Banatt tells me he has been playing video games for as long as he can remember — he claims it’s even through video games that he learned to read. There was no formal gaming group at Yale when he enrolled, so he co-founded Smash@Yale with four of his friends this year to centralize the gaming that had been taking place in common rooms all over campus. Almost every day, there’s a post on the 160-member Smash@Yale Facebook group inviting members to watch a how-to, read an article, play a game.

Like many of his friends, Banatt wouldn’t necessarily call himself a gamer: “It’s a hobby, just like any other hobby,” he tells me — no more distinctive than reading or watching TV. “I don’t attach a weird label to my identity because of it.”

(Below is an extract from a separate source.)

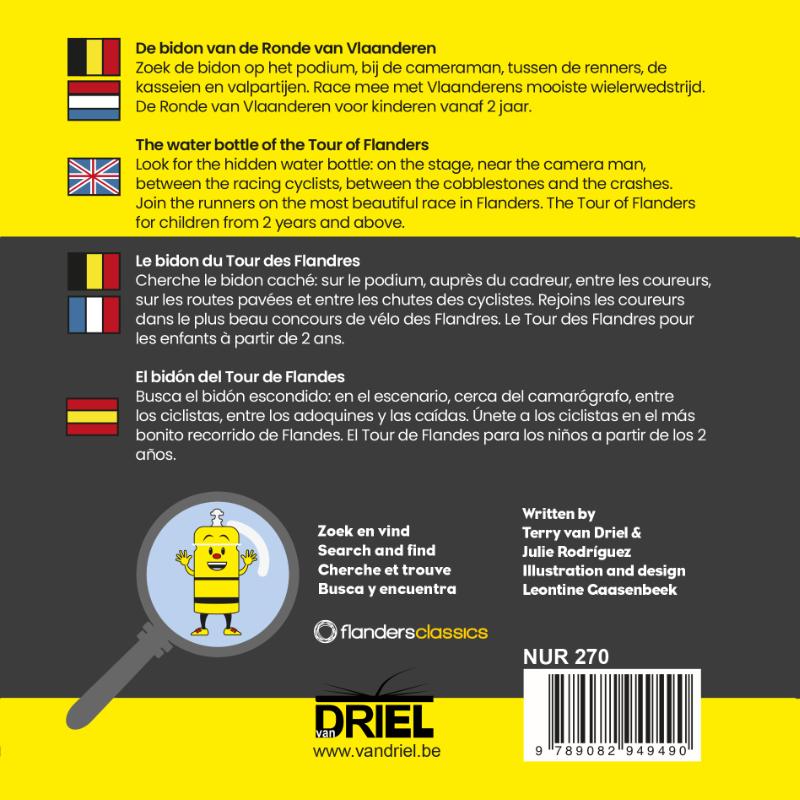 Achterkant van De bidon van de Ronde van Vlaanderen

But a gamer, according to the dictionary, is just someone who plays video games. Under that definition, more and more people, whether serious vide game players like Banatt or not, could call themselves gamers. According to the 2014 Entertainment Software Association Annual Report, the chances of the person sitting next to you having played a video game, whether a mobile game or a massive multiplayer online role playing game like League of Legends, is 58 percent. Media researchers attribute this statistic, in part, to there being more platforms, like tablets and smartphones, on which to play.

There’s the gamer who plays Candy Crush on the way to work — and then there’s the sort of gamer who, in 2013, the U.S. State Department officially recognized as a professional athlete. Last month, in a South Korean stadium built for soccer, those athletes competed for $1 million in the League of Legends World Championship before an international audience of 40,000.

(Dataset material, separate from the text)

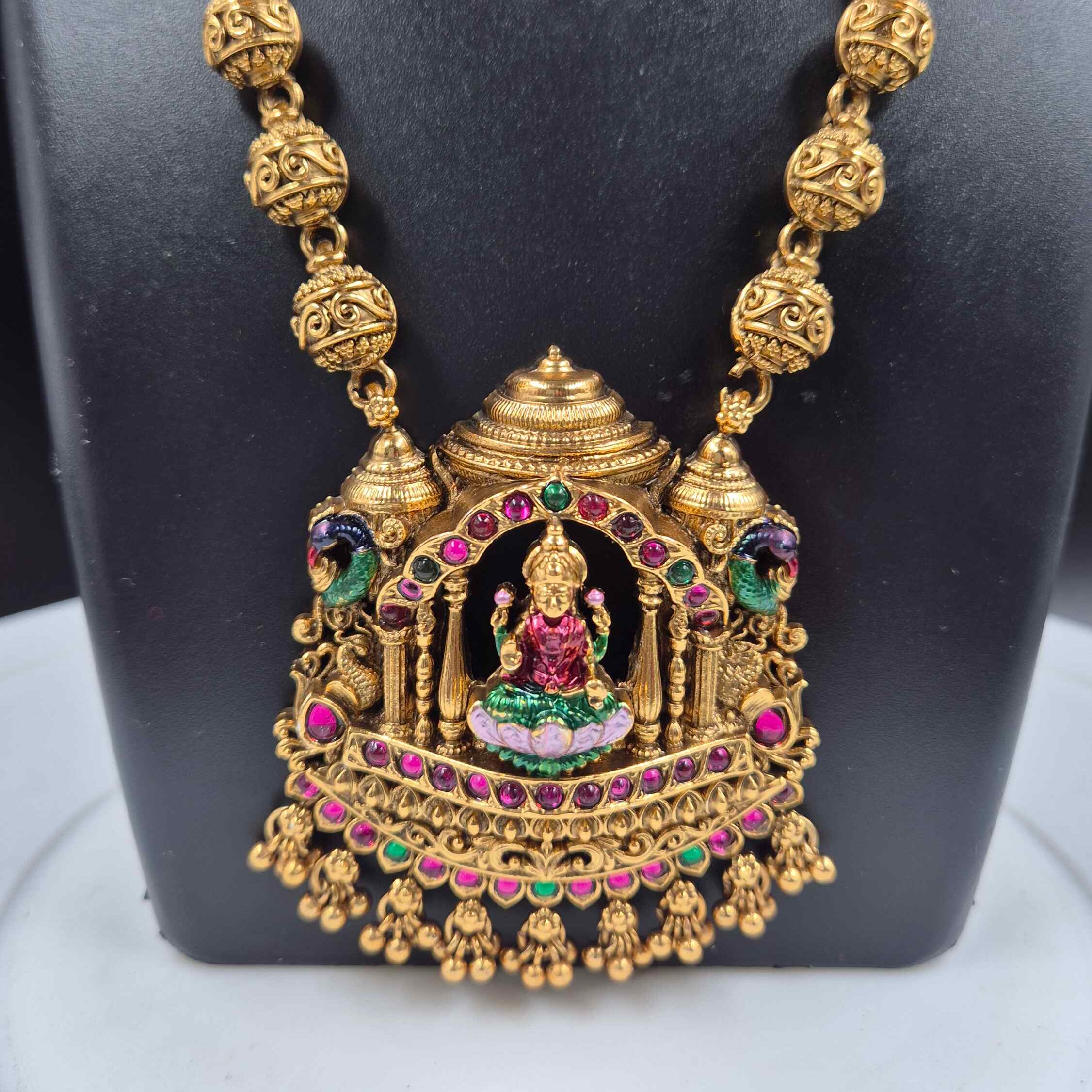 Lakshmi Temple Long Haram with Gopuram Pendant | South Indian Bridal Necklace Set with Jhumka Earrings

The internet has helped to transform gaming into a spectator sport. Sixty million fans per month tune in to watch competitive gamers play on the website Twitch.tv, the brainchild of Yale graduates Emmett Shear ’05 and Justin Kan ’05, who sold Twitch to Amazon this October for an unprecedented $970 million.

Whatever the game, to play is to participate, even momentarily, in an industry that technology company Gartner anticipates will generate about $111 billion dollars in 2015. It’s easier than ever to be a part of the gaming community.

But not everyone feels welcome.

___

In August, Zoe Quinn, a female indie game developer, released a narrative-driven, text-heavy game called Depression Quest that placed players in the shoes of a young adult suffering from depression. Later that month, Quinn’s ex-boyfriend, Eron Gjoni, posted a long diatribe on his blog accusing Quinn of sleeping with Nathan Grayson, a journalist for the video game blog Kotaku, for a favorable review of her game.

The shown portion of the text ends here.